Last time we ended at this step:

Quote Quote by Dickfore View Post
[tex]
\left\{\begin{array}{rcl}
\frac{d v}{d x} & = & p \\

\frac{d p}{d x} & = & \frac{v}{a} \, \left[p + \frac{n}{2 \, b} \, v^{2} \, (v^{2} - c) \right]
\end{array}\right.
[/tex]

where we also made the transformation [itex]p/2 \rightarrow p[/itex] again.
The boundary conditions that you gave translate to the following:

[tex]
\begin{array}{l}
x \rightarrow -\infty \Rightarrow v = \sqrt{c} \\

x = 0 \Rightarrow v = \sqrt{b + c}
\end{array}
[/tex]
The connection with the old variables is given by:

[tex]
u(x) = [v(x)]^{2}
[/tex]

When working with numerics, it is best to get rid of as many parameters as possible.

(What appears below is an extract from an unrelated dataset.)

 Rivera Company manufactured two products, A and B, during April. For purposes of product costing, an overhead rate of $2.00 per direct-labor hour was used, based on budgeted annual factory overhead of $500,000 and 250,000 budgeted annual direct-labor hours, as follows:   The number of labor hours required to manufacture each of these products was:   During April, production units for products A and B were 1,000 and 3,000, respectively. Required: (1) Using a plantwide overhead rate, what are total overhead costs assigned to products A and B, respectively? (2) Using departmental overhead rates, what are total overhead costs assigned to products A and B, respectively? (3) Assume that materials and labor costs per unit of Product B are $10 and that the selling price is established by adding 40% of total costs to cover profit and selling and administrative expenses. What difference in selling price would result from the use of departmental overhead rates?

Let's scale everything:

[tex]
\begin{array}{l}
x = x_{0} \, \bar{x} \\

v = v_{0} \, \bar{v} \\

p = p_{0} \, \bar{p}
\end{array}
[/tex]

Then the equations become:

[tex]
\begin{array}{rcl}
\frac{v_{0}}{x_{0}} \, \frac{d \bar{v}}{d \bar{x}} & = & p_{0} \, \bar{p} \\

\frac{p_{0}}{x_{0}} \, \frac{d \bar{p}}{d \bar{x}} & = & \frac{v_{0}}{a} \, \left[ p_{0} \, \bar{p} + \frac{n}{2 b} \, v^{2}_{0} \, \bar{v}^{2} \left(v^{2}_{0} \, \bar{v}^{2} - c \right) \right]
\end{array}
[/tex]

I think it is most convenient to make this choice:

[tex]
v^{2}_{0} = c, \; p_{0} = \frac{n}{2 b} \,v^{4}_{0}. \; \frac{p_{0}}{x_{0}} = \frac{v_{0} \, p_{0}}{a}
[/tex]

[tex]
x_{0} = \frac{a}{\sqrt{c}}, p_{0} = \frac{n \, c^{2}}{2 b}, \; v_{0} = \sqrt{c} \Rightarrow \frac{x_{0} \, p_{0}}{v_{0}} = \frac{a n c}{2 b} \equiv k
[/tex]

Also, let's get rid of the bars above the symbols again:

[tex]
\begin{array}{rcl}
\frac{d v}{d x} & = & k \, p \\

\frac{d p}{d x} & = & v \, \left[ p + v^{2} \, (v^{2} - 1) \right]
\end{array}
[/tex]

With the boundary conditions being:

[tex]
\left\{\begin{array}{l}
\sqrt{c} \, v = \sqrt{c}, \; x \rightarrow -\infty \\

\sqrt{c} \, v = \sqrt{b + c}, \; x = 0
\end{array}\right. \Rightarrow \left\{\begin{array}{l}
v = 1, \; x \rightarrow -\infty \\

v = \sqrt{1 + \frac{b}{c}} = M, \; x = 0
\end{array}\right.
[/tex]

Instead of having this limit as [itex]x \rightarrow -\infty[/itex], let us make the simultaneous substitution [itex]x \rightarrow -x, p \rightarrow -p[/itex]. The equations become:

[tex]
\begin{array}{rcl}
\frac{d v}{d x} & = & k \, p \\

\frac{d p}{d x} & = & v \, \left[ p + v^{2} \, (v^{2} - 1) \right]
\end{array}
[/tex]

with the boundary conditions:

[tex]
\left\{\begin{array}{l}
v = \sqrt{1 + \frac{b}{c}} = M, \; x = 0 \\

v \rightarrow 1, \; x \rightarrow \infty \\
\end{array}\right.
[/tex]

Can you find the stationary points for this autonomous non-linear system. What is their type?